**YOUR INSTRUCTIONS:**
Each line from the first down to the one containing "Car diagnostics in" should be returned exactly as it appears below.

**RECORDS FOR THE TASK:**
Segment Open

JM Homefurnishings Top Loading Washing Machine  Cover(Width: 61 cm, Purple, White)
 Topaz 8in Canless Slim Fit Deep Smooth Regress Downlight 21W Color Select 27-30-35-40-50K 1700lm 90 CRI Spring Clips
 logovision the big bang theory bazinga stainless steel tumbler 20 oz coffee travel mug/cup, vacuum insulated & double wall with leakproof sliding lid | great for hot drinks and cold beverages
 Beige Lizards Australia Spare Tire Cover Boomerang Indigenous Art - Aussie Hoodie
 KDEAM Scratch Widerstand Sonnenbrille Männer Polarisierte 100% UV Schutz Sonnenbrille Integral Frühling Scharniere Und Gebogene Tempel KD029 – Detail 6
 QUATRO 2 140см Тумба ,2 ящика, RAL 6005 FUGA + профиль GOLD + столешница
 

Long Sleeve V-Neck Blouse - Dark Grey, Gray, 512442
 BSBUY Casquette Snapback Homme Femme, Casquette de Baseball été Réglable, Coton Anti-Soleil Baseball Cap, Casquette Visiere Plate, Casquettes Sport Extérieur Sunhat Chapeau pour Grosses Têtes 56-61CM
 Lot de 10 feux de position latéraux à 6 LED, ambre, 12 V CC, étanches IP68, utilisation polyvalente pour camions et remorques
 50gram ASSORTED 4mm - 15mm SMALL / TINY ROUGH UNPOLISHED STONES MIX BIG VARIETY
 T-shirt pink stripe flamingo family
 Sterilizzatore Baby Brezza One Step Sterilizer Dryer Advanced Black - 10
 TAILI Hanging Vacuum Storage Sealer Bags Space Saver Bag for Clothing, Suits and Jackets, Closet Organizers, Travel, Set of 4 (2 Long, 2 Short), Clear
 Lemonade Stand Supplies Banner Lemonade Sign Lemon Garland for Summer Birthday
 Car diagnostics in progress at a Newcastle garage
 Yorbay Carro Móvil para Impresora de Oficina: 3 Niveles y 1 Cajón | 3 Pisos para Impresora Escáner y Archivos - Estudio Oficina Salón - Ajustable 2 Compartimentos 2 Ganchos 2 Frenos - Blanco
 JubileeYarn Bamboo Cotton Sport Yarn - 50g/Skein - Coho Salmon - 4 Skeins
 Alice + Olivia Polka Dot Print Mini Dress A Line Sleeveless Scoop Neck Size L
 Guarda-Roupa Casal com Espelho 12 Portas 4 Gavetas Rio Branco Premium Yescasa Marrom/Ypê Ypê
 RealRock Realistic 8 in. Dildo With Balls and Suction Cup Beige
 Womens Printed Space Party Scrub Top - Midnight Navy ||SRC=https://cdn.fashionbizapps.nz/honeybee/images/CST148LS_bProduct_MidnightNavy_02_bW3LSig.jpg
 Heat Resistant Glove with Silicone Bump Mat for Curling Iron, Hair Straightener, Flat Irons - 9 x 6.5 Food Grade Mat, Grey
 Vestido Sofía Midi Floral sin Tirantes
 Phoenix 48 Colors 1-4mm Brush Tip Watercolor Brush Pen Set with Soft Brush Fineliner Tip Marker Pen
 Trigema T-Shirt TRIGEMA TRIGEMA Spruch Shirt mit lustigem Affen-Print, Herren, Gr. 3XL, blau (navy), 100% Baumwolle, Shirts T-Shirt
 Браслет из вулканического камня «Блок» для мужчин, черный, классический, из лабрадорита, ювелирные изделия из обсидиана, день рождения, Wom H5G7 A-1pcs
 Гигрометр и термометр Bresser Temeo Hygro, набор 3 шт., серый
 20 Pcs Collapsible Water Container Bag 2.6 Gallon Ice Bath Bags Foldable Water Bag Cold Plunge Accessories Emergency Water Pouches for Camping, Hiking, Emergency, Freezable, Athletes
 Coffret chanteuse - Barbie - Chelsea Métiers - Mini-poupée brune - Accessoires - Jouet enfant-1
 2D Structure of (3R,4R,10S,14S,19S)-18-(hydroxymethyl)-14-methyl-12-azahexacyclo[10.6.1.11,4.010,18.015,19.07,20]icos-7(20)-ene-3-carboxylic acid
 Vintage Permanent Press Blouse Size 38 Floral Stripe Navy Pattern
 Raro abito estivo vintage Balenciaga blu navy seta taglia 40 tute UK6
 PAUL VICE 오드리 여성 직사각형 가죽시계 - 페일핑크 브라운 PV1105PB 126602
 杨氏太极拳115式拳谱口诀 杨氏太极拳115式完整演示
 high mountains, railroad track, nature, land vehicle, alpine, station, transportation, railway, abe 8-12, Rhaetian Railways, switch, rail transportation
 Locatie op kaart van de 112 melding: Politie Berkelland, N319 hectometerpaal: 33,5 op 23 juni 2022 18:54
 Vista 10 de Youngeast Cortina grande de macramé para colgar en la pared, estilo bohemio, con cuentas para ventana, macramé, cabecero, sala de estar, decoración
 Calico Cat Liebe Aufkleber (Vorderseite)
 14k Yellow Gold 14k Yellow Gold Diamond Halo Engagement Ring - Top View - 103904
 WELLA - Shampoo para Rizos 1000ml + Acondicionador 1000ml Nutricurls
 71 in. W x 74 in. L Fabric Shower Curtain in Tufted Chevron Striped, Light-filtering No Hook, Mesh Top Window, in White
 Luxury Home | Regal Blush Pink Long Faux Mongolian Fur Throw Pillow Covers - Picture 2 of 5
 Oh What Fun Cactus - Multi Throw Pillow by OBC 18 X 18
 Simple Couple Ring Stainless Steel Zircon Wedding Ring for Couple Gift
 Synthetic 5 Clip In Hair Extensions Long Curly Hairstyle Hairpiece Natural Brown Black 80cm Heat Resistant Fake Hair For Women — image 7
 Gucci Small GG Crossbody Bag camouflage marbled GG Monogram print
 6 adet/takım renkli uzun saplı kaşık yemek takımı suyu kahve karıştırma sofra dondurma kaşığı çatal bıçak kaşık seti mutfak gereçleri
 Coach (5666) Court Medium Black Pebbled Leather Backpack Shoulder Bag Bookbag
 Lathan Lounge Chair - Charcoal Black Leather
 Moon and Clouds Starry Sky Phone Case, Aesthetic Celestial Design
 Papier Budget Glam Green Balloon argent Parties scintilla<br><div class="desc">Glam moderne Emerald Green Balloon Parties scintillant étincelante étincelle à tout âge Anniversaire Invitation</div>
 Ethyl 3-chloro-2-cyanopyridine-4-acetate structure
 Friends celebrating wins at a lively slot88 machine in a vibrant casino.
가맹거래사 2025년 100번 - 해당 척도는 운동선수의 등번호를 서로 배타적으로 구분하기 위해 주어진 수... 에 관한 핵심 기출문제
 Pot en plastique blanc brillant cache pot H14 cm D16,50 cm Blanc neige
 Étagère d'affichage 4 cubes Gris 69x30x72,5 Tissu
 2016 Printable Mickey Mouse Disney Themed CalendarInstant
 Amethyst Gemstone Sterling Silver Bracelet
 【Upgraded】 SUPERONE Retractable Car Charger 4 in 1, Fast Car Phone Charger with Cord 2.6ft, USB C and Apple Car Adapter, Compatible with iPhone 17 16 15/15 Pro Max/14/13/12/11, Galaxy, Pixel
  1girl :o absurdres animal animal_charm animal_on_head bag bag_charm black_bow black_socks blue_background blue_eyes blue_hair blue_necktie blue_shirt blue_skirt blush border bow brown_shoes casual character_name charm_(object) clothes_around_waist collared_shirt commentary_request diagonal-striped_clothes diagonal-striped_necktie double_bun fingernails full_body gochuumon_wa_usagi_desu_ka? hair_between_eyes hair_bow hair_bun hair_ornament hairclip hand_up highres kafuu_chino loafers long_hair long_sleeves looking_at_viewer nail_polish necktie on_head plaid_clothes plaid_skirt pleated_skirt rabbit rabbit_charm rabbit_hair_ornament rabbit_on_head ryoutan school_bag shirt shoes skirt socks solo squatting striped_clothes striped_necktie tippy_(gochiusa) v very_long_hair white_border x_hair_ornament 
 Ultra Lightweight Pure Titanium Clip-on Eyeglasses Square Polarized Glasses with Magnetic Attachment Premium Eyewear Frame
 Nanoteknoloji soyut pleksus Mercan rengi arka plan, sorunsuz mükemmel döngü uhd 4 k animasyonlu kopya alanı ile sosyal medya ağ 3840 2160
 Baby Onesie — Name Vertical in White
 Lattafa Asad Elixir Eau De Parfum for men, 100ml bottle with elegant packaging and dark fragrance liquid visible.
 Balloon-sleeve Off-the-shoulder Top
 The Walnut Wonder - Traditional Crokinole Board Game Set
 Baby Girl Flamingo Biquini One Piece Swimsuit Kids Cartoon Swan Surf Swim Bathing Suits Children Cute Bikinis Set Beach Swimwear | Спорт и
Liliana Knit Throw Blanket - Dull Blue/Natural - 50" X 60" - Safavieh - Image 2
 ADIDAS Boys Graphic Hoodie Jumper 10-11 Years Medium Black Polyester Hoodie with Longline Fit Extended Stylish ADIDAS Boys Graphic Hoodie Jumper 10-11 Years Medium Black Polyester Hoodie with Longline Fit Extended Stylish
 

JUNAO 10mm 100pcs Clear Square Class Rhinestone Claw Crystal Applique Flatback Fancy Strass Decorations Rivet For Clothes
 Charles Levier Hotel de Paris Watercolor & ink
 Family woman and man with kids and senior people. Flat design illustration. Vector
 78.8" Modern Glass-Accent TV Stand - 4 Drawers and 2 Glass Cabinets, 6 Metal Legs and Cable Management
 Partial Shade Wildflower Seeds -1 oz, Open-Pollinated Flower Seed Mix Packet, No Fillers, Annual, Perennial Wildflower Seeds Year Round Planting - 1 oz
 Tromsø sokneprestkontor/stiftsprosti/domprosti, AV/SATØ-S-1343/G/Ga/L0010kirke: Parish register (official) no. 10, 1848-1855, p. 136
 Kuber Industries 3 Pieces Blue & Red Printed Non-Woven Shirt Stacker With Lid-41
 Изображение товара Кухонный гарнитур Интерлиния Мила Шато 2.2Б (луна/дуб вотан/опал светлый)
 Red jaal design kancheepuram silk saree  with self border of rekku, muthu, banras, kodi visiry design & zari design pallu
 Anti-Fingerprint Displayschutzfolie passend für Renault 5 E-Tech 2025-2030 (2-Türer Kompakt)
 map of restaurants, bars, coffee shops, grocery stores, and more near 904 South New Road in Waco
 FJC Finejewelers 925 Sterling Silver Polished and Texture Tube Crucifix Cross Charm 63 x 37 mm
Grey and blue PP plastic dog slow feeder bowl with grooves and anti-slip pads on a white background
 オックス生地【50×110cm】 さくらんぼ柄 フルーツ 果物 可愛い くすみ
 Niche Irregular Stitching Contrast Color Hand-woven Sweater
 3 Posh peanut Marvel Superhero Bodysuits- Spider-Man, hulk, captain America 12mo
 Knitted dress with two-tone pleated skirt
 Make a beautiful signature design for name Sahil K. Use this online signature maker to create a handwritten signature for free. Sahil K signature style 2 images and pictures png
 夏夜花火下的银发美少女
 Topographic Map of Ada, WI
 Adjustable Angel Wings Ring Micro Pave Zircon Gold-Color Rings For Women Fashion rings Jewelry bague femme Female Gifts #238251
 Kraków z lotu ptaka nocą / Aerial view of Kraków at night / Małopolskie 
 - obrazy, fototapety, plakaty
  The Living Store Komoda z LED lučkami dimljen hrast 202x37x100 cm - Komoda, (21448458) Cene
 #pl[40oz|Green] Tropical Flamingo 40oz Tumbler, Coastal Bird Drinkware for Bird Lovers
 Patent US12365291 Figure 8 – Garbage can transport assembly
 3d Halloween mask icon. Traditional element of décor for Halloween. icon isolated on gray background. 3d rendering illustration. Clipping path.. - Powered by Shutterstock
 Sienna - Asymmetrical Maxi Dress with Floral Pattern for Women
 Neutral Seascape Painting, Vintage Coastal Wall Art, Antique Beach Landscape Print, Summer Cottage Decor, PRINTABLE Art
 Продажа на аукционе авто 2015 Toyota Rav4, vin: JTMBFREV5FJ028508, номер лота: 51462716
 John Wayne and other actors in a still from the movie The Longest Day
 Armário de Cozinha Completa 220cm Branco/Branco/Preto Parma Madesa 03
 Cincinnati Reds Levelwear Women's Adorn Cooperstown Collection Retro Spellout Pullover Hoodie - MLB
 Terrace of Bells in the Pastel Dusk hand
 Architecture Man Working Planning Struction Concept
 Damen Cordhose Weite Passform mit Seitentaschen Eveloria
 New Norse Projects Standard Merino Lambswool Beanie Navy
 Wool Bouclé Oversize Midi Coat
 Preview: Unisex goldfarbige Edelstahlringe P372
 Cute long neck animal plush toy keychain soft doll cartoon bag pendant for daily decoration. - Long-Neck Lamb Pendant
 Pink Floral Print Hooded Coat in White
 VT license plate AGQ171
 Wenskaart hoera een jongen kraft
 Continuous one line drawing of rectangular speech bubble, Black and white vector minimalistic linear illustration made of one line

Segment Closed

**YOUR RESPONSE:**
JM Homefurnishings Top Loading Washing Machine  Cover(Width: 61 cm, Purple, White)
 Topaz 8in Canless Slim Fit Deep Smooth Regress Downlight 21W Color Select 27-30-35-40-50K 1700lm 90 CRI Spring Clips
 logovision the big bang theory bazinga stainless steel tumbler 20 oz coffee travel mug/cup, vacuum insulated & double wall with leakproof sliding lid | great for hot drinks and cold beverages
 Beige Lizards Australia Spare Tire Cover Boomerang Indigenous Art - Aussie Hoodie
 KDEAM Scratch Widerstand Sonnenbrille Männer Polarisierte 100% UV Schutz Sonnenbrille Integral Frühling Scharniere Und Gebogene Tempel KD029 – Detail 6
 QUATRO 2 140см Тумба ,2 ящика, RAL 6005 FUGA + профиль GOLD + столешница
 

Long Sleeve V-Neck Blouse - Dark Grey, Gray, 512442
 BSBUY Casquette Snapback Homme Femme, Casquette de Baseball été Réglable, Coton Anti-Soleil Baseball Cap, Casquette Visiere Plate, Casquettes Sport Extérieur Sunhat Chapeau pour Grosses Têtes 56-61CM
 Lot de 10 feux de position latéraux à 6 LED, ambre, 12 V CC, étanches IP68, utilisation polyvalente pour camions et remorques
 50gram ASSORTED 4mm - 15mm SMALL / TINY ROUGH UNPOLISHED STONES MIX BIG VARIETY
 T-shirt pink stripe flamingo family
 Sterilizzatore Baby Brezza One Step Sterilizer Dryer Advanced Black - 10
 TAILI Hanging Vacuum Storage Sealer Bags Space Saver Bag for Clothing, Suits and Jackets, Closet Organizers, Travel, Set of 4 (2 Long, 2 Short), Clear
 Lemonade Stand Supplies Banner Lemonade Sign Lemon Garland for Summer Birthday
 Car diagnostics in progress at a Newcastle garage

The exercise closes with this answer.